FluxNLPModel(chain_ANN data_train=MLDatasets.MNIST.traindata(Float32), data_test=MLDatasets.MNIST.testdata(Float32); size_minibatch=100)

Build a FluxNLPModel from the neural network represented by chain_ANN. chain_ANN is built using Flux.jl for more details. The other data required are: an iterator over the training dataset data_train, an iterator over the test dataset data_test and the size of the minibatch size_minibatch. Suppose (xtrn,ytrn) = Fluxnlp.data_train

accuracy(nlp::AbstractFluxNLPModel)

Compute the accuracy of the network nlp.chain on the entire test dataset. data_loader can be overwritten to include other data, device is set to cpu

minibatch_next_test!(nlp::AbstractFluxNLPModel)

Selects the next minibatch from nlp.test_minibatch_iterator. Returns the new current status of the iterator nlp.current_test_minibatch. minibatch_next_test! aims to be used in a loop or method call. if return false, it means that it reach the end of the mini-batch

minibatch_next_train!(nlp::AbstractFluxNLPModel)

Selects the next minibatch from nlp.training_minibatch_iterator. Returns the new current status of the iterator nlp.current_training_minibatch. minibatch_next_train! aims to be used in a loop or method call. if return false, it means that it reach the end of the mini-batch

reset_minibatch_test!(nlp::AbstractFluxNLPModel)

If a data_loader (an iterator object is passed to FluxNLPModel) then Select the first test minibatch for nlp.

reset_minibatch_train!(nlp::AbstractFluxNLPModel)
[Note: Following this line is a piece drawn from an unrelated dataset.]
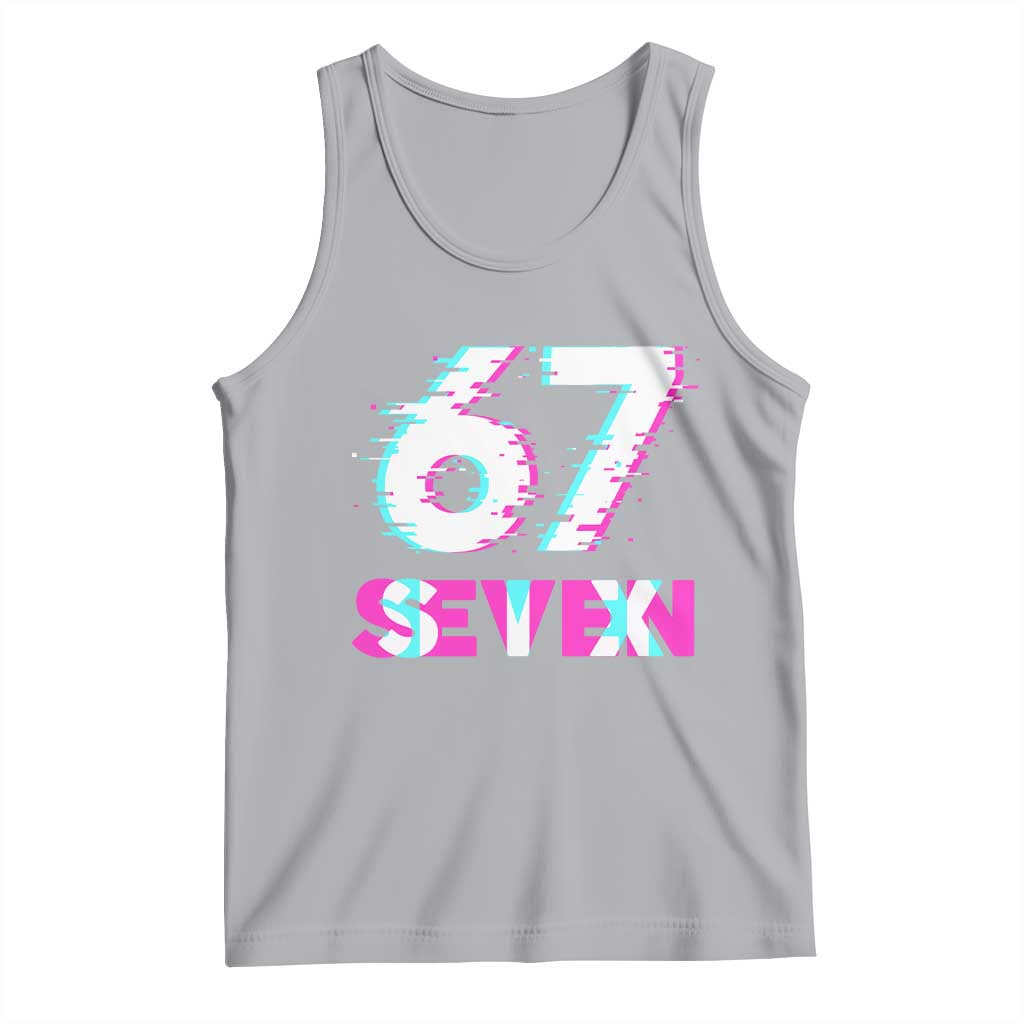 Glitch Optical Illusion Six Seven Meme Tank Top Gen Alpha Slang Gift - Wonder Print Shop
If a data_loader (an iterator object is passed to FluxNLPModel) then Select the first training minibatch for nlp.

set_vars!(model::AbstractFluxNLPModel{T,S}, new_w::AbstractVector{T}) where {T<:Number, S}

Sets the vaiables and rebuild the chain

update_type!(nlp::AbstractFluxNLPModel{T, S}, w::AbstractVector{V}) where {T, V, S}

Sets the variables and rebuild the chain to a specific type defined by weights.

g = grad!(nlp, w, g)

Evaluate ∇f(w), the gradient of the objective function at w in place.

Arguments

• nlp::AbstractFluxNLPModel{T, S}: the FluxNLPModel data struct;
• w::AbstractVector{V}: is the vector of weights/variables. The use of V allows for flexibility in specifying different precision types for weights and models.
• g::AbstractVector{}: the gradient vector.

Output

• g: the gradient at point w.

f = obj(nlp, w)

Evaluate the objective function f(w) of the non-linear programming (NLP) problem at the point w. 
If the precision of w and the precision expected by the nlp are different, ensure that the type of nlp.w matches the precision required by w.

Arguments

• nlp::AbstractFluxNLPModel{T, S}: the FluxNLPModel data struct;
• w::AbstractVector{V}: is the vector of weights/variables. The use of V allows for flexibility in specifying different precision types for weights and models.

Output

• f_w: the new objective function.

objgrad!(nlp, w, g)

Evaluate both f(w), the objective function of nlp at w, and ∇f(w), the gradient of the objective function at w in place.

Arguments

• nlp::AbstractFluxNLPModel{T, S}: the FluxNLPModel data struct;
• w::AbstractVector{V}: is the vector of weights/variables. The use of V allows for flexibility in specifying different precision types for weights and models.
• g::AbstractVector{V}: the gradient vector.

Output

• f_w, g: the new objective function, and the gradient at point w.